Bakteri yang dikirim ke Mars nantinya akan menjadi bahan bakar dan oksigen Foto/IST
TRANSKEPRI.COM, JAKARTA - Peneliti dari George Institute of Technology ingin mengirim bakteri ke Mars untuk bahan bakar roket dan oksigen cair yang bisa digunakan pesawat luar angkasa balik ke Bumi. Gagasan itu diharapkan jadi solusi borosnya konsumsi bahan bakar yang bisa digunakan pesawat luar angkasa balik ke bumi setelah sampai di Mars.
Diketahui dalam satu dekade ke depan penerbangan pesawat luar angkasa dari Mars ke bumi akan semakin sering dilakukan.
Hal itu terjadi karena NASA dan badan antariksa negara-negara lain semakin sering berkunjung ke Mars untuk mengambil sample yang ada di planet itu. NASA misalnya telah mengirikan pesawat luar angkasa Perseverance untuk tinggal di Mars untuk mengambil sampel.

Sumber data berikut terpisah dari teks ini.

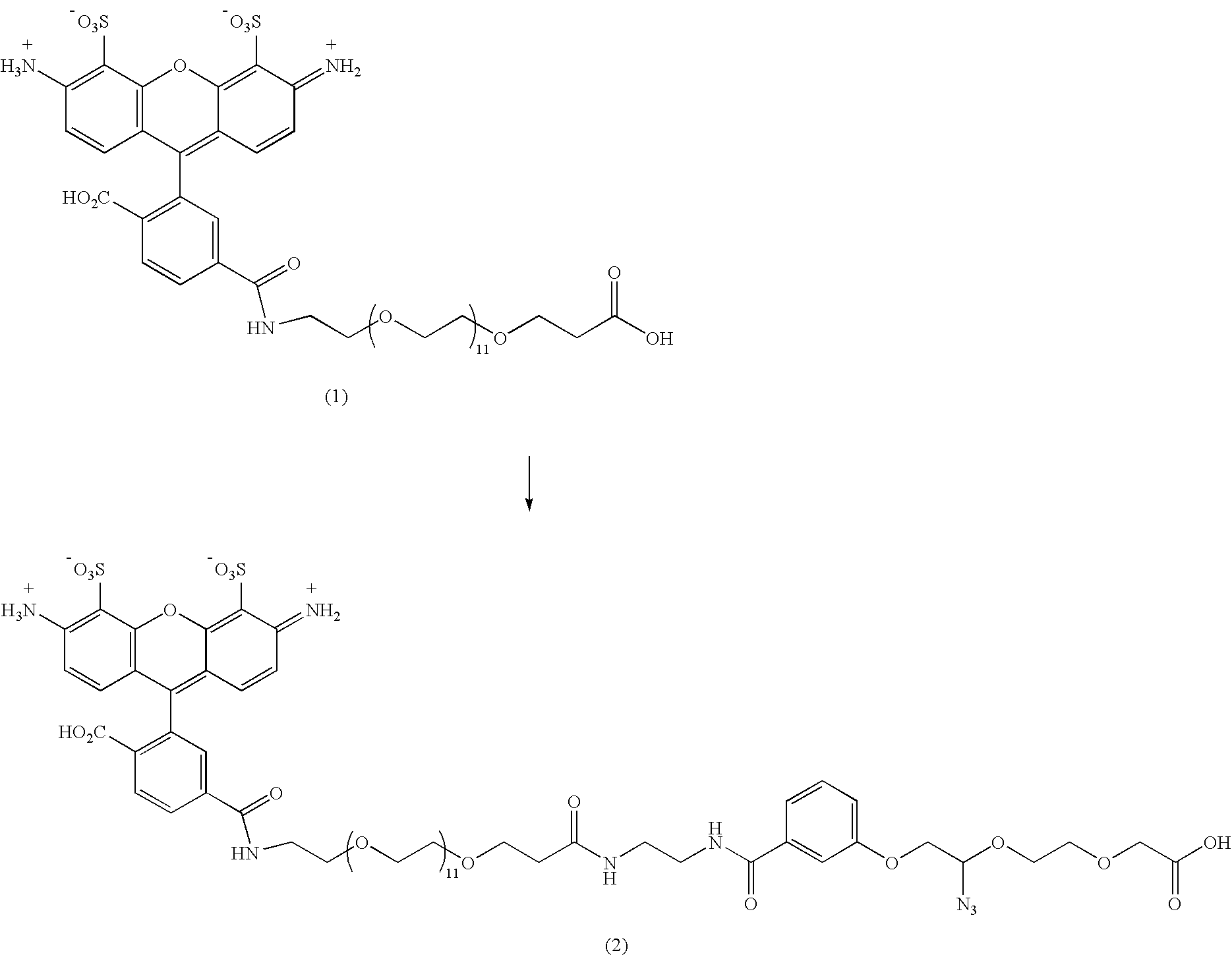 Modified nucleosides and nucleotides and uses thereof
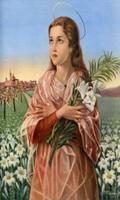 Santa Maria Goretti ảnh chụp màn hình 3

Seluruh sampel itu kemudian akan dikirim kembali ke bumi dengan cara menerbangkannya ke orbit Mars. Setelahnya sampel itu langsung diambil oleh pesawat luar angkasa lain untuk dibawa ke bumi.Apalagi bahan sample yang dibawa cukup berat.
Metode tersebut sebenarnya diyakini tidak efektif. Bahkan cenderung pemborosan bahan bakar jika terus dilakukan. Georgia Tech memperkirakan untuk mengangkut 500 kilogram sampel yang ada di Mars, pesawat luar angkasa memerlukan 30 ton metana dan gas cair sebagai bahan bakar.
Sebenarnya sangat mungkin untuk membuat gas cari di Mars untuk membantu pembuatan bahan bakar roket. Hanya saja metana tetap harus dikirim dari bumi. Cara itu menurut Georgia Tech pemborosan karena akan menghabiskan biaya sekitar USD8 miliar atau setara Rp112,6 triliun. Itu hanya untuk mengiri metana ke Mars.
Dari situlah tim peneliti dari Georgia Tech yang dipimpin Nick Kruyer mengajukan gagasan mengirim mikroba ke Mars sebagai bahan dasar pembuatan bahan bakar roket dan gas cair. Mereka menemukan fakta bahwa bakteri, Cyanobacteria dan bakteri E. coli yang terlebih dulu mengalami rekayasa genetika dapat .menghasilkan bahan bakar alternatif yang dikenal sebagagi 2,3- butanediol (CH3CHOH)2. Butanedoil saat ini banyak digunakan untuk membuat karet sintetis dan polimer lainnya.
Selain menyediakan oksigen yang cukup untuk roket, teknik yang diusulkan juga akan menghasilkan 44 ton oksigen berlebih yang dapat digunakan untuk tujuan lain.
Proses pembuatan bahan bakar itu memang cukup rumit. Terlebih dulu mereka harus mengirim bakteri, mikro organisme dan bahan plastik untuk mebuat fotobiorekator. Ukuran fotobioreaktor itu disebutkan New Atlas mencapai empat kali lapangan sepak bola.
Di fotobioreaktor, sinar matahari dan karbon dioksida dari atmosfer akan diberikan ke cyanobacteria, yang kemudian akan diolah dengan enzim untuk menghasilkan gula. Gula itu akan diekstraksi dan diumpankan ke E. coli untuk menghasilkan 2,3-butanediol dan oksigen.
Menurut perhitungan tim, prosesnya itu jauh lebih efisien 32 persen daripada metode lainnya yang juga diusulkan tim lain yakni membuat oksigen di Mars melalui katalisis kimia. Hal itu jauh lebih boros karena tetap menggunakan metana yang dikirim dari bumi.
"Kami juga perlu melakukan eksperimen untuk menunjukkan bahwa cyanobacteria dapat tumbuh dalam kondisi Mars," kata Matthew Realff, salah satu anggota tim dari Georgia Tech. "Kita perlu mempertimbangkan perbedaan spektrum matahari di Mars baik karena jarak dari Matahari dan kurangnya penyaringan atmosfer dari sinar matahari. Tingkat ultraviolet yang tinggi dapat merusak cyanobacteria," sambungnya lagi.